**Task directions**
While you copy the lines below, skip the pictures and keep the rest exact.

**Recorded information**
***

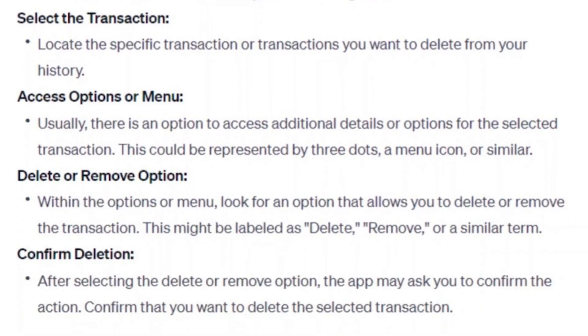Within the options or menu, look for an option that allows you to delete or remove the transaction. This might be labeled as delete, remove, or a similar term.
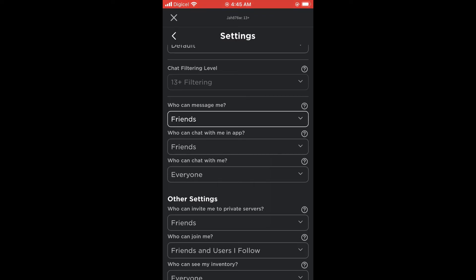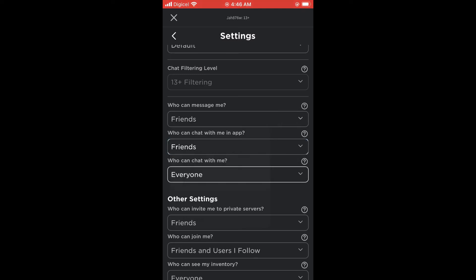Right where you see 'Who can chat with me in app,' you're gonna tap on that and from there you can also select No One. And right where you see 'Who can chat with me,' you can also select No One.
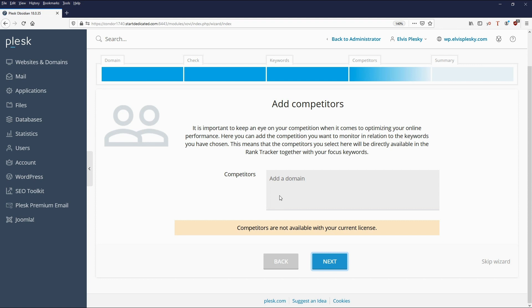At the moment we can't add competitors, but if you have a paid license and you're running a webshop, you can list your main competitors here so that you can see how your SEO compares with them and see how you're ranking compared to them.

***

**Response below**
Within the options or menu, look for an option that allows you to delete or remove the transaction. This might be labeled as delete, remove, or a similar term.
Right where you see 'Who can chat with me in app,' you're gonna tap on that and from there you can also select No One. And right where you see 'Who can chat with me,' you can also select No One.
At the moment we can't add competitors, but if you have a paid license and you're running a webshop, you can list your main competitors here so that you can see how your SEO compares with them and see how you're ranking compared to them.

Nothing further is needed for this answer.